In summary, the results of our analsys suggest that there are measurable linguistic features that can be used to measure translation difficulty and maybe even predict translation quality. Thus, the ability to measure translation difficulty is important for, for example, normalising source text when comparison of translation quality across different translators and different level of source text difficulty is required. Furthermore, we found anomalies in the relationship between translation difficulty and MT quality which upon our closer inspection appeared to be caused by inaccurate human judgement data. In other words, the linguistic features we evaluated might potentially be used also to identify if there is any gaming problem in human judgement of MT quality. Finally, the fact that we found a systematic relationship between translation quality and translation difficulty in terms of word senses suggests a high potential reward from developing better sense disambiguation algorithm in MT systems.
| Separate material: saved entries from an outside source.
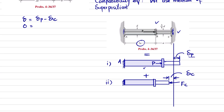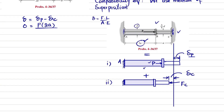Due to the load P, the change in length occurs only in the 2a length. We know the general formula: change in length equals F times L divided by A times E. So δP equals P times 2a divided by the cross-sectional area, which is π/4 times d squared, times E.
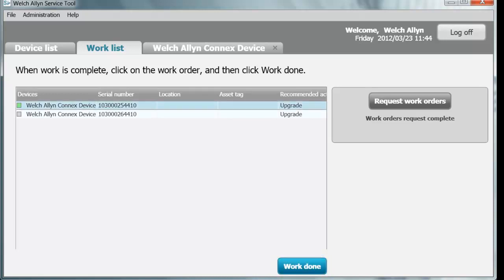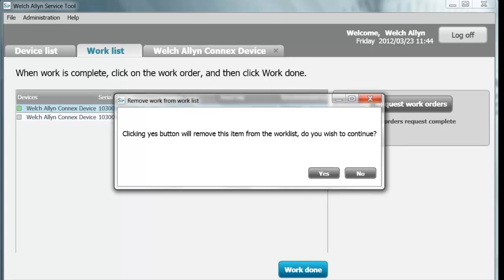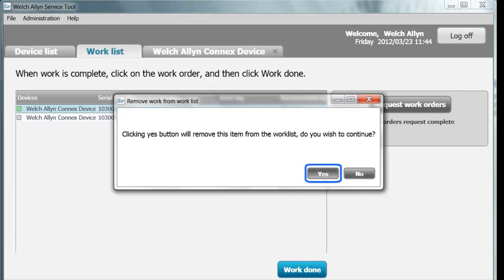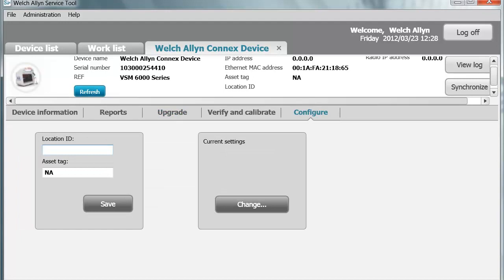Now back on the work list, highlight this device and click Work Done so the next person who comes into the service tool can see a real-time list. If one person installs an upgrade and puts the device back on the floor, the next person doesn't have to search for the device only to find the upgrade has already been installed. Going back to the device tab, Configure — this is where we can assign our location. Since this is at my desk, I will write 'desk.' The asset tag of this device is 123405.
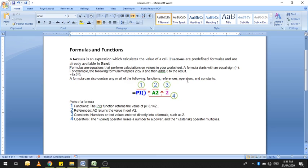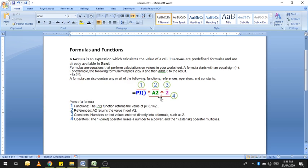Operators जैसे plus, multiply, subtraction, division और constant values भी formula में हो सकती हैं। एक example में PI built-in function use हुआ है, asterisk एक operator है, A2 एक reference cell address है, caret sign raise to power के लिए है, और 2 एक constant value है। So इस formula के अंदर function, operator, reference, और constant — सभी हैं।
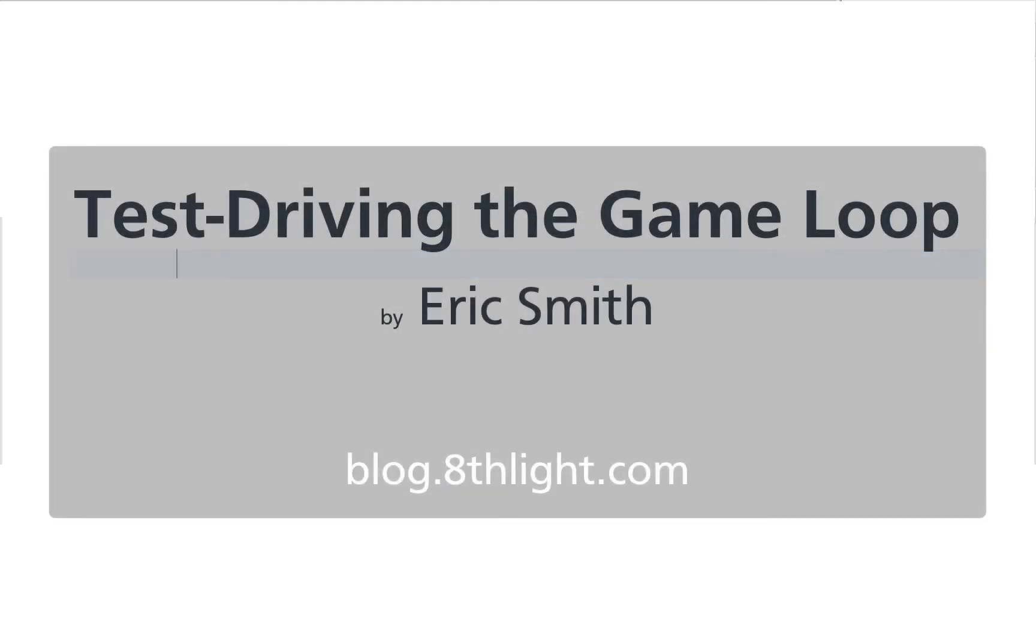Unfortunately I don't have a clue about game development, so I got stuck here again until I came across a blog post from Eric Smith on the 8th Light blog. Eric happens to have a master's degree in game development.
Finally, there are several areas where our analysis could be fruitfully extended, two of which we discuss below. First, while our evidence suggests a negative relationship between translation difficulty features of the source text and the quality of machine translation, the negative correlation is weak. One possible reason for this is because different linguistic features of the source text are likely to be associated with different types of translations errors. However, the human judges’ scores of the MT quality in the WMT data may reflect various types of translation errors. Thus, a further analysis on the type of errors by distinguishing between the errors associated with accuracy (such as mistranslation) and fluency (incorrect word order) as examined by, for example, Carl and Băez (2019), would likely provide a better understanding of the relationship between source text translation difficulty features and MT quality. Second, the information about translation difficulty could be useful for automatic evaluation metrics, so one direction for future work is to investigate incorporating these linguistic features into existing metrics and/or develop new ones.”. We leave these for future research.